Benin is a long and narrow country wedged between Nigeria to the east, Togo to the west, and Burkina Faso and Niger to the north. Operators often sell Benin as a 12-day package together with Ghana and Togo, but Benin is well worth visiting on its own. The Beninese are hospitable people, and travel is, for the most part, laid back and easy.
Cotonou & Day trips
Most journeys begin in Cotonou, Benin's largest city and de facto capital. Cotonou has an enviable location on the Atlantic Ocean with miles and miles of beach which on weekends are crowded with local families. Cotonou's Dantokpa Market is one of the largest in West Africa. Accessible from Cotonou on day trips are Ganvie, where 12,000 fishermen live in stilt villages on Lake Nokoue; Ouidah, a former slaving post and considered the birthplace of voodoo; and Porto Novo, Benin's official capital, another former slave post, city-state of a Yoruba Kingdom based in Nigeria, and where many former slaves settled when they returned from Brazil after their emancipation. Porto Novo means "New Port" in Portuguese. One of the great sights in Port Novo is the multi-colored Brazilian mosque. Another is the costumed voodoo figures with their roots in Yoruba culture known as the "Guardians of the Night." Highly revered and serving as an unofficial police force, these spirits were originally created to scare enemies away. Today they still wander Port Novo streets before returning to their temple where entrance is prohibited.

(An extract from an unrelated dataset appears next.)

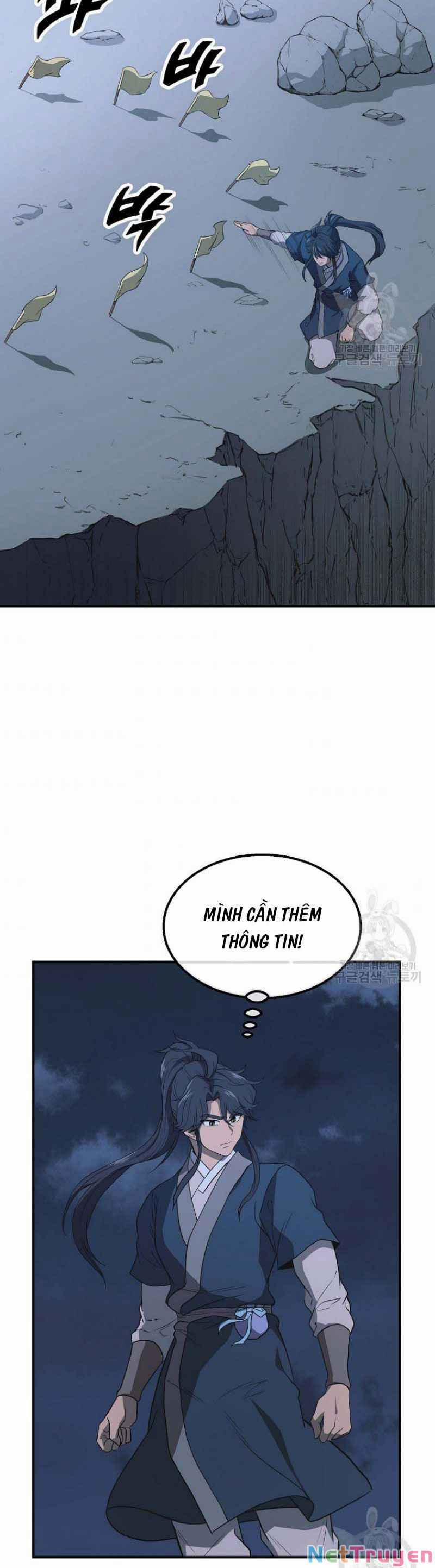 Thiên Niên Phương Sĩ 15 trang 2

Abomey Palace & Pendjari National Park
In Northern Benin, Abomey Palace is a reminder of the powerful, Fon-speaking Dahomey Kings whose reign flourished during the 18th and 19th centuries and who were enemies of Porto-Novo's Yoruba. Also in the north is the Atacora Mountains, where a minority of Somba people continue to live in distinctive tall castles of mud which functioned in the past to keep out intruders. Pendjari and W Regional National Parks are located in the far north of the country. Although Pendjari National Park is an exceptionally scenic park, it does not provide the wildlife experience of Eastern and Southern African parks.
A week to ten days allows you an in depth look at Benin, which would also include as far north as Natitingou and Pendjari National Park. If you want to base yourself in Cotonou and see the closer sights of Ganvie, Ouidah, Porto Novo and Abomey then consider a five day stay.
On January 11 every year, Benin celebrates its Voodoo Festival. One of the best places to observe the festival is in Ouidah, a town an hour's drive from Cotonou. CNN has called this festival one of Africa's top five festivals not to be missed. MTT advises two to three nights in Ouidah, beginning on January 10, the day preceding the festival. There are private celebrations happening in and around town and you can seek permission to attend them. Most of Ouidah's accommodations become fully booked the night of January 11. Advance planning is essential.
Voodoo originated in Haiti during French colonial times, but its foundations are the tribal religions of West Africa which incorporated ancestor worship, singing, dancing, drumming, and spirit possession. These ancient beliefs were brought to Haiti by slaves in the seventeenth century who were captured mainly from the Dahomey Kingdom. The word 'voodoo' derives from the word 'vodu' in the Dahomey language of Fon and means "spirit." In Haiti, the slaves created a new religion which combined West African beliefs with Haiti's indigenous beliefs and it is this colorful mélange of ritualistic spectacles that they brought back to Africa and which forms the core of voodoo today.